This exercise requires an exact output of the listing, images omitted.
### Raw data ###
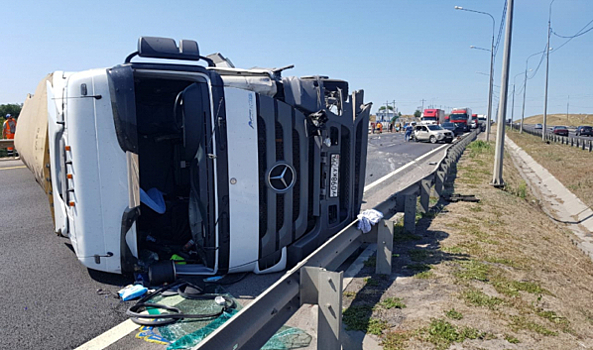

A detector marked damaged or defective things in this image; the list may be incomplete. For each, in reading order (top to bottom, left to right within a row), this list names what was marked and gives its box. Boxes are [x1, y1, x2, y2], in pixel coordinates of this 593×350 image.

overturned mercedes truck [16, 37, 370, 278]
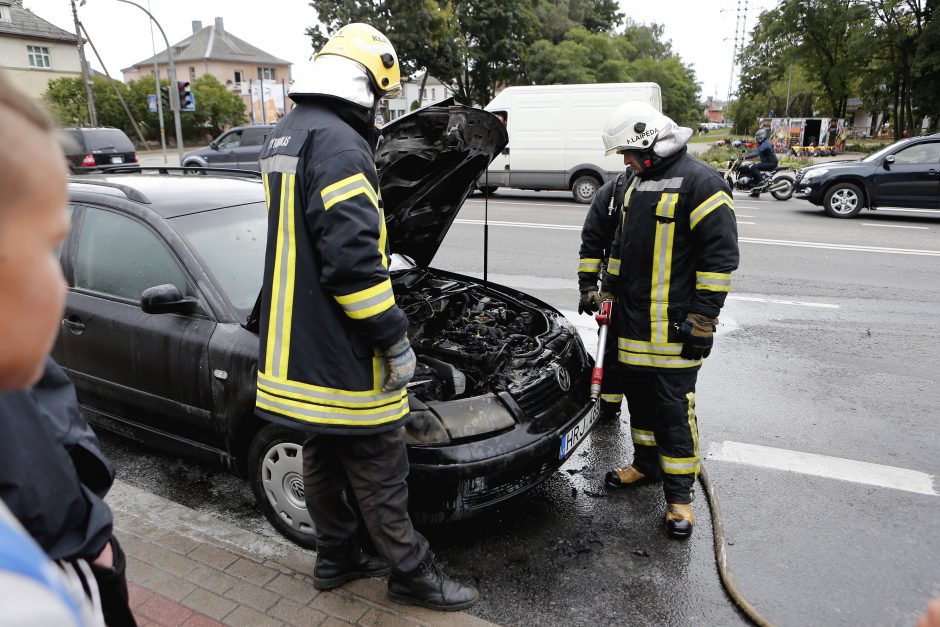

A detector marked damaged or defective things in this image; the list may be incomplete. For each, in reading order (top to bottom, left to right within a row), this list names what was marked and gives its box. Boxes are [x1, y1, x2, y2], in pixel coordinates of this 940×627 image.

burned black car [55, 100, 596, 548]
charred engine bay [392, 270, 568, 402]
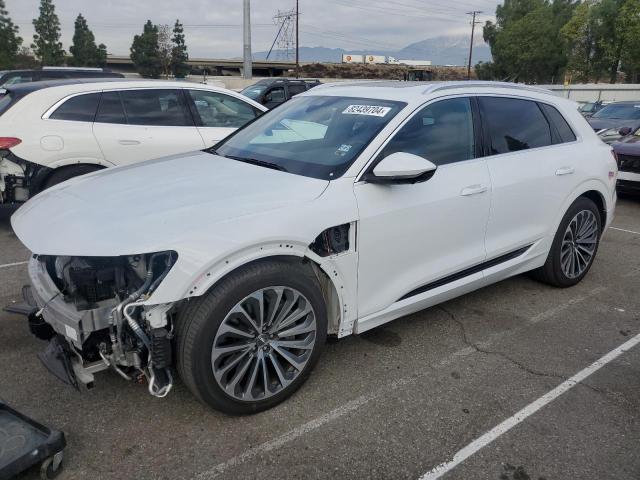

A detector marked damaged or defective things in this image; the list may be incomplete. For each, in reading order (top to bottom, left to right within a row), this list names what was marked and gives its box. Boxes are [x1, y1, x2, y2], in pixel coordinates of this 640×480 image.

crumpled hood [11, 151, 330, 256]
damaged white suv [12, 81, 616, 412]
crushed front end [23, 251, 178, 398]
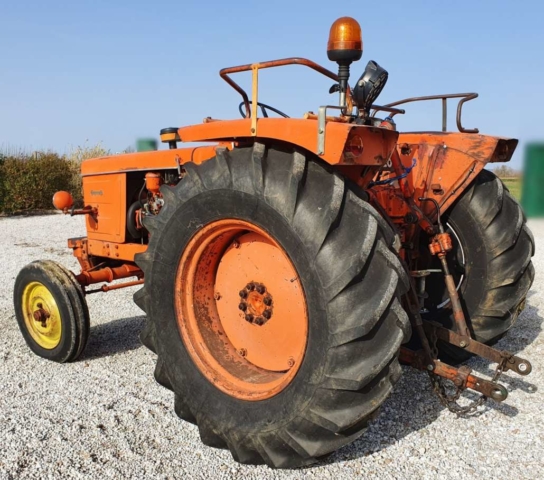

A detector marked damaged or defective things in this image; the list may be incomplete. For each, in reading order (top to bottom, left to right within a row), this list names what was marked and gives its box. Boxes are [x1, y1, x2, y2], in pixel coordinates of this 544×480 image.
###
• _Expected answer_:
A detector marked damaged or defective things in this image; the list may be incomplete. For each, in reading order (top to bottom, left to right within a row), this list names what was marked and gives its box. Boxes are [x1, y1, x2, y2], in pixel coordinates of this 593×350 image.

overturned mercedes truck [16, 37, 370, 278]

A detector marked damaged or defective things in this image; the list may be incomplete. For each, in reading order (top to bottom, left to right within a row), this list names what was marked and gives its box. Boxes are [x1, y1, x2, y2], in pixel coordinates of this 940×627 image.

burned black car [55, 100, 596, 548]
charred engine bay [392, 270, 568, 402]

A detector marked damaged or defective things in this image; the list may be incomplete. For each, in reading order (top to bottom, left to right within a row), this list names what was marked and gives its box. Boxes are [x1, y1, x2, y2], in pixel coordinates of this 640×480 image.

crumpled hood [11, 151, 330, 256]
damaged white suv [12, 81, 616, 412]
crushed front end [23, 251, 178, 398]

A detector marked damaged or defective things in this image; the list may be incomplete. For each, in reading order (top to bottom, left to right within a row), this list names what was marked and gives its box. Boxes are [x1, y1, x2, y2], in pixel coordinates of this 544×480 image.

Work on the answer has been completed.